Día de los Muertos, or Day of the Dead, is a holiday that’s just around the corner and the Chicago neighborhood of Pilsen is one of the best spots in the city to commemorate it. Typically, Día de los Muertos is celebrated on Nov. 1-2 to coincide with All Saints Day and All Souls Day. Historically, it is a time when Mexicans celebrate the lives of their ancestors.
What is it?
By no means a somber occasion, Día de los Muertos is a celebration of death and life with many bright and colorful traditions. Ofrendas, or offerings, are small, altar-like displays consisting of flowers, candles, photographs, clothing mementos and certain foods or drinks that are designed to welcome the spirits of the dead back to earth. Calaveras, or sugar skulls, are decorated replicas of human skulls that are made out of sugar or clay. They are used to remind the living that life is short and that it’s OK to poke fun at death. Finally, Pan de Muerto is sweetened, softened bread shaped like a bun that is decorated with bone-like designs and eaten as a tribute to the dead at gravesites or ofrendas.
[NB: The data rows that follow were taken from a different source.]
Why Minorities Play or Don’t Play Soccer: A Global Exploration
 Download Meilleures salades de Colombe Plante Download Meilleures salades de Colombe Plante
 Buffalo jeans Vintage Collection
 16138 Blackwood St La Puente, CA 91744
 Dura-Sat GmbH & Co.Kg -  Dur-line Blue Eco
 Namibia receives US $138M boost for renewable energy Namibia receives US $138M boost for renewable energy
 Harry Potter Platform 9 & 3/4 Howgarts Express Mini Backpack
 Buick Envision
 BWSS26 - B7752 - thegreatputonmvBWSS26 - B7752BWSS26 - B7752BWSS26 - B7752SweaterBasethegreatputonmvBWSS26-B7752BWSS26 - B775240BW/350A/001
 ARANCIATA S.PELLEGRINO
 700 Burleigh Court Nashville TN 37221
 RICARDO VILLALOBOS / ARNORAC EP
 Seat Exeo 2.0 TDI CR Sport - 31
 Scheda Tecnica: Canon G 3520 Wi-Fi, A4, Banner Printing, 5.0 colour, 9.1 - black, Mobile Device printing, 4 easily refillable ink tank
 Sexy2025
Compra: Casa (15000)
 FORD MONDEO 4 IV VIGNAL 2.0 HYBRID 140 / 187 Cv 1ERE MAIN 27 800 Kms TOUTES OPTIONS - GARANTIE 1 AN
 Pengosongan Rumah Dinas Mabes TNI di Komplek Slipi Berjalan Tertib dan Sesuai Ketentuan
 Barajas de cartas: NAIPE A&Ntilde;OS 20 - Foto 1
What’s going on in Pilsen?
In Pilsen, a predominantly Mexican neighborhood just southwest of Chicago’s Loop, ofrendas, calaveras and Pan de Muerto are a major part of celebrations throughout the area — in homes, churches and at numerous special events.
The Pilsen-based National Museum of Mexican Art (1852 W. 19th St.) is hosting a huge community event that is also being held to support ongoing programming at the museum. The “Día de los Muertos: Love Never Dies Ball,” Saturday, Nov. 2 from 6 p.m. to 10 p.m., is a special celebration that honors life and spirits of los muertos and will feature live music, culinary treats, beverages and a chance to win prizes.
In addition, the Museum also is celebrating with an event called “Día de los Muertos Xicágo” in Harrison Park (the park in which the museum is located) on Sunday, October 27th from 3 p.m. to 8 p.m. It will feature ofrendas, live musical performances, face painting, art activities and, of course, Pan de Muerto. It is a family-oriented event and admission is free.
More to Check Out!
Furthermore, athletically-inclined individuals might consider signing up to run in the Carrera de los Muertos/Race of the Dead 5k. This race snakes through the streets of Pilsen and takes runners past many of the neighborhood’s fascinating murals. Runners are cheered on with live mariachis, traditional folkloric dance groups and spectators who are decorated and costumed in Día de los Muertos attire (as are many runners). The race begins at 8 a.m. on Saturday, Nov. 2 at Benito Juarez Community Academy, 1450-1510 W. Cermak Rd.
Have a sweet tooth? Dulceria Lupitas, (1730 W. 18th St)., is a throw-back candy shop with a wide range of delicious and inexpensive candy. Like spice? Many of their candies are dusted with chile powder for an extra burst of flavor. In October and November, the shop offers sugar skulls (calaveras) for those who wish to celebrate Día de los Muertos.